News Column

Eric Holder: US Congress Panel Cites Attorney General for Contempt

June 20, 2012

A botched US government operation to track drug cartels through gun trafficking continues to backfire - having first led to the death of a US agent and now to a contempt citation for the nation's highest-ranking law enforcement officer.

A Republican-controlled committee of the House of Representatives Wednesday recommended that US Attorney General Eric Holder be cited for contempt of Congress for his refusal to provide documents on the Fast and Furious operation, in which US authorities allowed guns to cross into Mexico.

The Republican-controlled House Committee on Oversight and Government Reform voted along party lines, 23 to 17, for the contempt citation.

The vote came despite President Barack Obama's assertion earlier Wednesday of executive privilege to protect the documents sought by the committee.

It was the first time Obama asserted the privilege in his presidency. The documents involve internal Justice department emails on the matter.

Democrats on the committee urged Republicans to hold off on a contempt vote in order to weigh the legal repercussions of the executive order, The New York Times reported.

The contempt citation will be subject to a full vote of the House next week, according to CNN. Republican congressman Paul Ryan told FOX News that the vote could be avoided if Holder produces the particular documents the committee seeks.

This is the first time in US history that an attorney general has faced a contempt citation.

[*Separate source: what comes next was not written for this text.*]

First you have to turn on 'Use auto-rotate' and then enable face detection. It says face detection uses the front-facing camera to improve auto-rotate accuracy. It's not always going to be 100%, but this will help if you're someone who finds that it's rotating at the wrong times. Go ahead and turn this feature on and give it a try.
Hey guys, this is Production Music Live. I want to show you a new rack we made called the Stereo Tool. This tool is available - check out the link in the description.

Holder called the committee's vote an "entirely unnecessary action, intended to provoke an avoidable conflict between Congress and the Executive Branch."

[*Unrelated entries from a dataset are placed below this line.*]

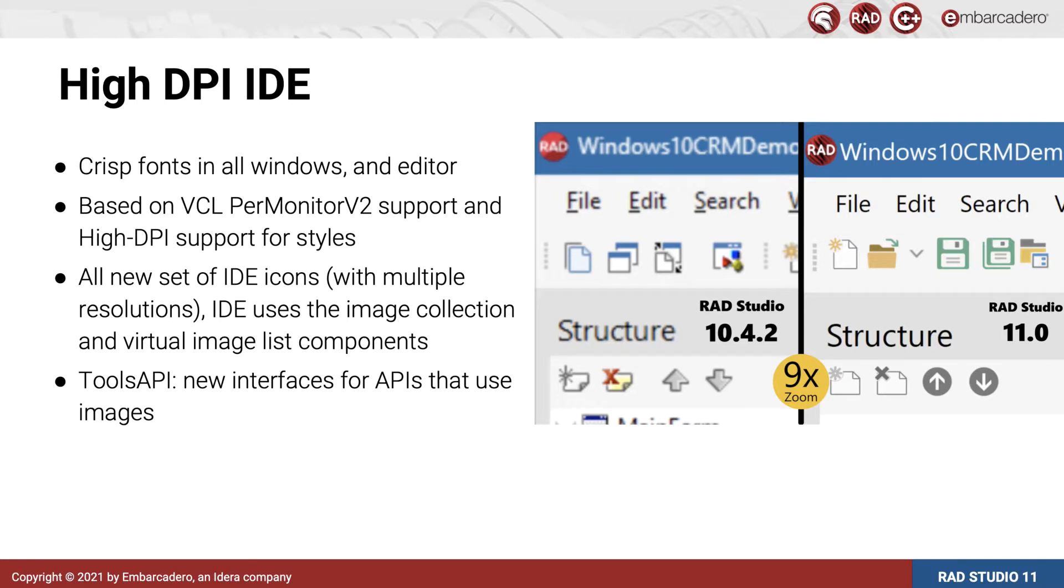This is a night and day difference when using the IDE on modern displays. On the technical side, since the IDE is mostly built with Delphi and C++ Builder, it uses the VCL, and so we are using the same per-monitor version 2 high-DPI support that you too can make use of in your applications.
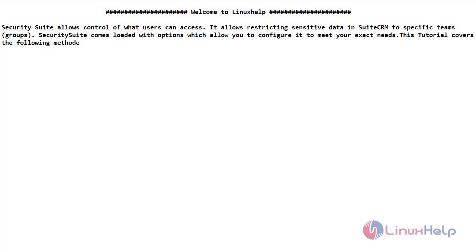Welcome to the Linux Help channel. In this video we are going to see about security suite management. Security suite allows control of what users can access. It allows restricting sensitive data in SuiteCRM to specific teams and groups. Security suite comes loaded with options which allow you to configure it to meet your exact needs.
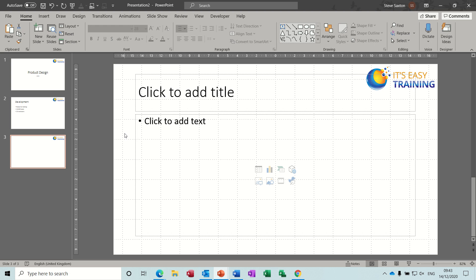Hi guys, welcome to this session on Microsoft PowerPoint. In this module I want to have a look at how you can create an interactive form that can be filled in by colleagues or whoever you send this PowerPoint presentation to, to either give feedback on a product as this example is going to be, or feedback on training if you're a training provider.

"It's an election-year tactic intended to distract attention - and, as a result - has deflected critical resources from fulfilling what remains my top priority at the Department of Justice: Protecting the American people," Holder continued.

Democratic Party chair Debbie Wasserman-Schultz, who called the committee's move a "witch hunt," said Holder had already turned over 7,600 documents to the committee.

The case involves the undercover programme known as Operation Fast and Furious, which aimed to track drug cartels through the sale of weapons. Federal authorities lost track of some 2,000 of the guns, one of which was used to kill a US agent.

Brian Terry, a US border patrol officer in Arizona, was killed on December 14, 2010, by an AK-47 assault rifle that was part of the botched scheme that Holder himself said "must never happen again."

Seeking to underline the growing crisis of the role of US guns in Mexican violence, Holder told Congress in November 2011 that nearly two-thirds of the 94,000 weapons confiscated by Mexian officials in the last five years could be traced to the United States.

In most cases, straw buyers for drug cartels purchase guns legally, either from the 8,000 licensed US dealers or at gun shows within easy distance of the Mexican border.

Once over the border, the guns fuel a deadly war that continues to overwhelm Mexico's local and federal forces.

Obama, shortly after his 2009 inauguration, admitted: "The drugs are coming north, we're sending funds and guns south," and vowed a change.